Voluntary Carbon Market Insights & FAQs

What Is Direct Air Capture (DAC) and How Does It Work?

• Direct Air Capture (DAC) is an engineered carbon dioxide removal (CDR) technology that uses chemical reactions to extract CO2 directly from the atmosphere.
• When air passes over chemical agents (sorbents or solvents), they selectively react with and trap CO2, allowing other components of air to pass through. The captured CO2 is then:
  • Stored underground in geological formations
  • Mineralized into stable carbonates
  • Utilized in industrial processes
• What are the different types of DAC?
  • Solid-DAC (SDAC) – Uses solid sorbents to capture CO2.
  • Liquid-DAC (LDAC) – Uses liquid solvents to absorb CO2.
• DAC is projected to remove up to 5 GtCO2per annum by 2050 according to the IPCC.

Why Is Direct Air Capture (DAC) Important? And What is its Role in Achieving Net Zero Emissions?

• Direct Air Capture is important as the IPCC estimates that 5-40 gigatons of CO2 must be removed annually by mid-century to remain below 1.5°C warming. DAC combined with permanent storage could remove up to 310 gigatons by 2,100, making rapid scale-up essential.
• DAC delivers permanent carbon removal and helps:
  1. Address historical emissions
  2. Complement other climate solutions
  3. Enable net negative emissions in the long term

What is Happening in the Direct Air Capture (DAC) Market now?

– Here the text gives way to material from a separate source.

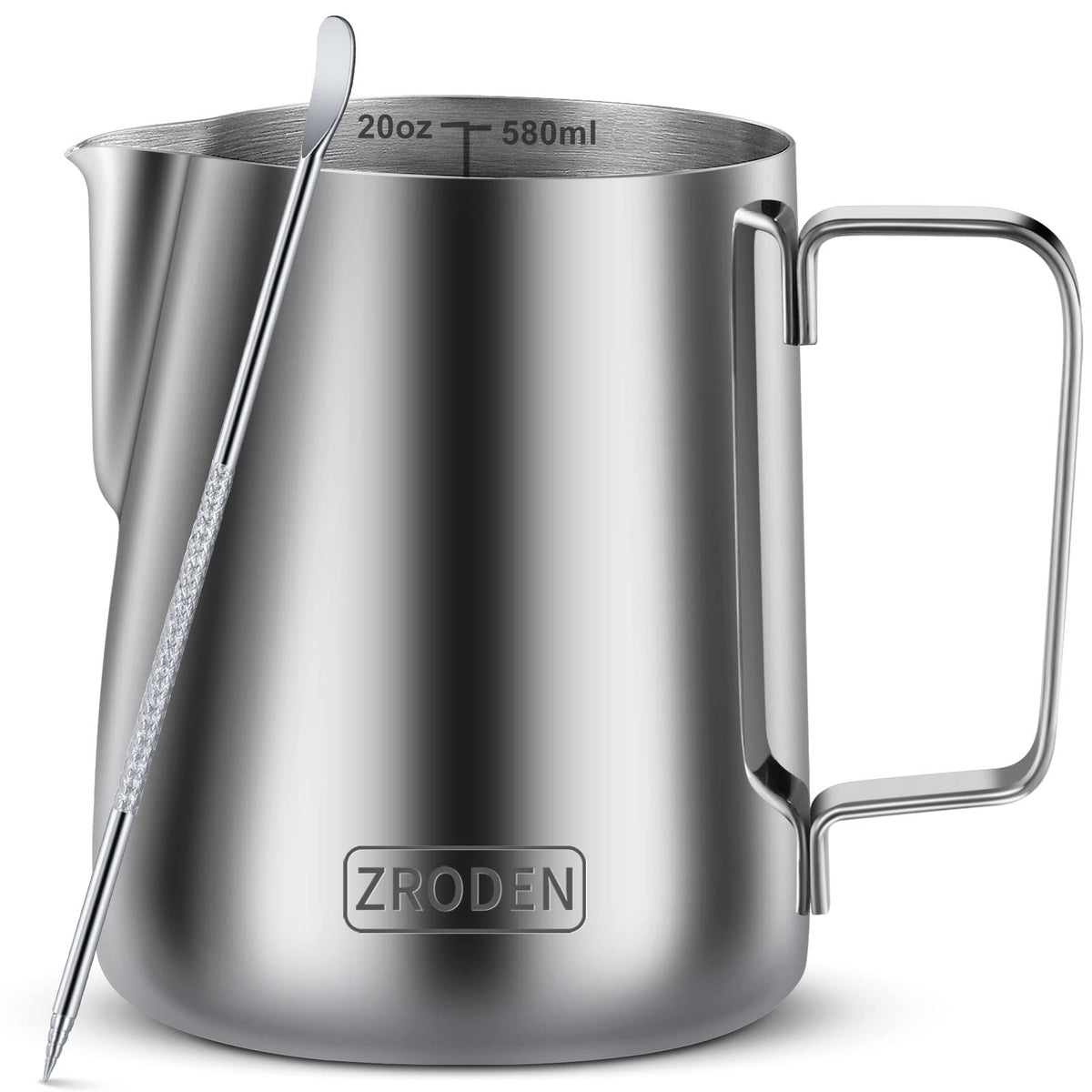 Jarro Zroden 20 onzas en primer plano, ideal para espumar leche en casa.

• To date over 2.7 million credits have been sold, with the most of it coming from 3 project developers namely 1point five, climeworks and carbon capture inc. DAC credits are some of the most expensive credits in the market right now with prices ranging between $300 – $1,000. Overall approximately 3 billion dollars have been invested in DAC.

Total investment by round

What Is the Current Project Activity and Capacity Development in Direct Air Capture (DAC) Worldwide?

• There are currently 171 project developers working on Direct Air Capture (DAC) globally. The highest concentration of projects is in the United States, Canada, and the United Kingdom.
• In terms of the volume of carbon credits sold, the United States leads the market, followed by Canada and Switzerland. AlliedOffsets’ data indicates both a strong project pipeline in these countries and active commercial engagement with buyers securing future DAC capacity.

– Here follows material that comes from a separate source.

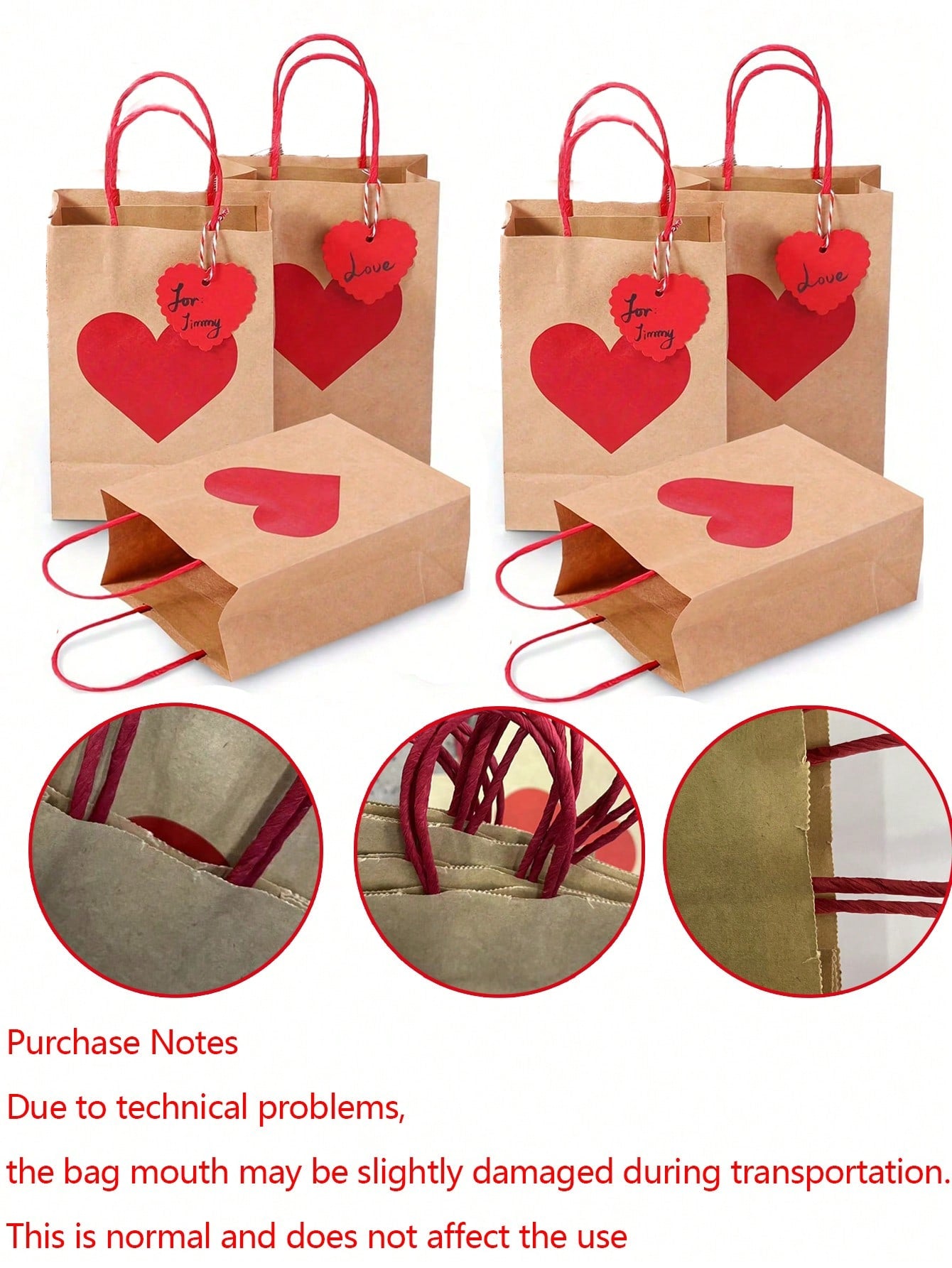 30/20/18/9pcs Kraft Paper Gift Bags With Red Heart Labels, Heart Shaped Valentine's Day Gift Bags, Red And Pink Paper Party Bags With Handles, Foldable Shopping And Party Bags, Valentine's Day Decoration Supplies, Shopping Bags, Romantic Occasion Gift Ba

How Does AlliedOffsets Track Direct Air Capture (DAC) Credit Activity in the Voluntary Carbon Market?

With data from 35+ registries, we provide the most comprehensive credit tracking in the voluntary carbon market (VCM). Our dataset covers:

• DAC issuances
• Retirements
• Offtake agreements
• Purchase vs. delivery trends over time

Quarterly Prices

 What Are the Current Buyer Trends in the Direct Air Capture (DAC) Market?

• The Direct Air Capture (DAC) market is currently led by major corporate buyers, with Microsoft securing the largest share of credits through multiple deals. Other notable purchasers include Airbus, Amazon, Frontier (with commitments across several projects), and BCG.
• While these large companies dominate contracted volumes, the DAC buyer base is gradually expanding. New participants from various industries are entering the market, drawn by DAC’s high durability and its potential to play a critical role in long-term Net Zero strategies.

CDR purchases by sector

What Are the Main Challenges in Scaling Direct Air Capture (DAC) for Climate Solutions?

The main challenges in scaling DAC for climate solutions are:

• High energy demands – Regeneration of sorbents/solvents requires substantial low-carbon energy.
• High costs – Current estimates range from $400–$1,000/tCO2.
• Resource intensity – Requires significant land, water, and energy inputs.
• Policy gaps – Limited incentives and regulatory clarity.

What Are the Key Benefits of Direct Air Capture (DAC) Technology?

The key benefits of DAC technology are:

• Permanent carbon removal – Geological storage ensures CO2 is sequestered for centuries to millennia.
• Scalable & flexible – Deployable in diverse locations, independent of emission sources.
• Industrial integration – Can utilize waste heat from industry to lower energy requirements.
• Modular deployment – Can be scaled incrementally to gigaton levels.